6. Objecting to the arguments of the Ld. DR, the Ld. AR submitted that the agreement between the BAI and BAL as per clause-2 is with respect to supply of services only. The Ld. AR also reiterated that the assessee does not carry any inventory and the procurement is funded by BAL, and BAI does not bear the risk for the manufactured goods. The Ld. AR also referred to the revenues of Kewal Kiran Clothing Limited and also referred to the segment reporting furnished by Kewal Kiran Clothing Limited wherein it can be seen that it is engaged in earning revenues from various segments. The Ld. AR reiterated that the assessee is engaged only in one segment ie., processing services. The Ld. AR also submitted that similarly Kitex Garments Ltd and Virat Industries Ltd were also engaged in various activities and also cannot be compared with the assessee-company. The Ld. AR also once again pleaded that since the said three companies are functionally different from the operational profile of the assessee company, these companies are to be excluded from the comparables. Further, the Ld. DR submitted that as per the annual report of Kewal Kiran Clothing Limited it has not provided the segmental information as it has not crossed the threshold limit as prescribed under Accounting Standard-17 [AS] of the Institute of Chartered Accountants of India [ICAI] and hence not provided the same.
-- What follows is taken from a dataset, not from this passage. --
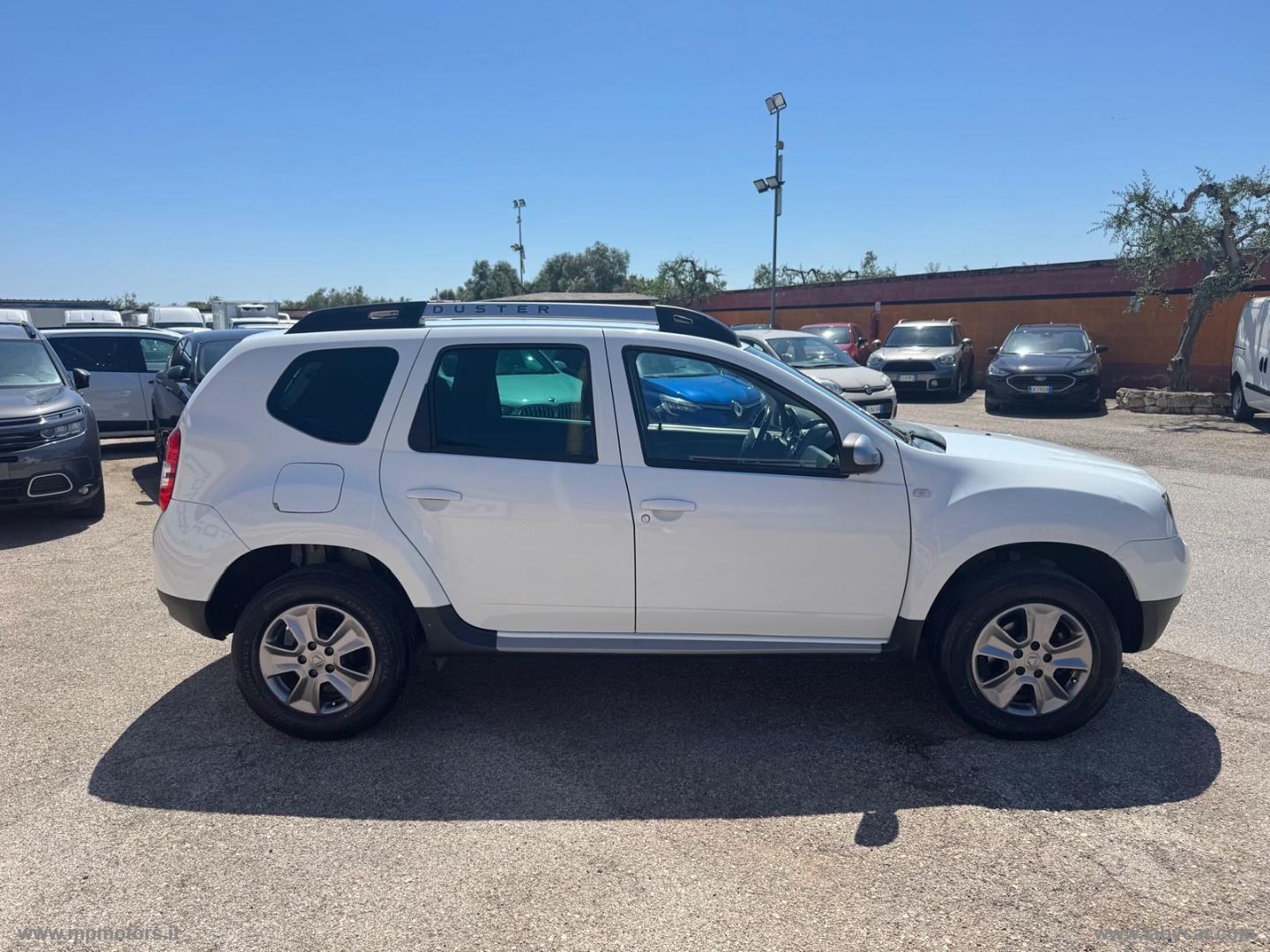 DUSTER LAUREATE 1.5 dCi 110 CV - immagine 4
7. We have considered the rival contentions and perused the material available on record and the written submissions made by the assessee.
8. Grounds No. 1 and 2 are general in nature and therefore they need no adjudication.
9. Ground No.3 relates to the upward adjustment made by the TPO / AO for which specific grounds have been raised vide Grounds No. 4 and 5 and accordingly it has been adjudicated.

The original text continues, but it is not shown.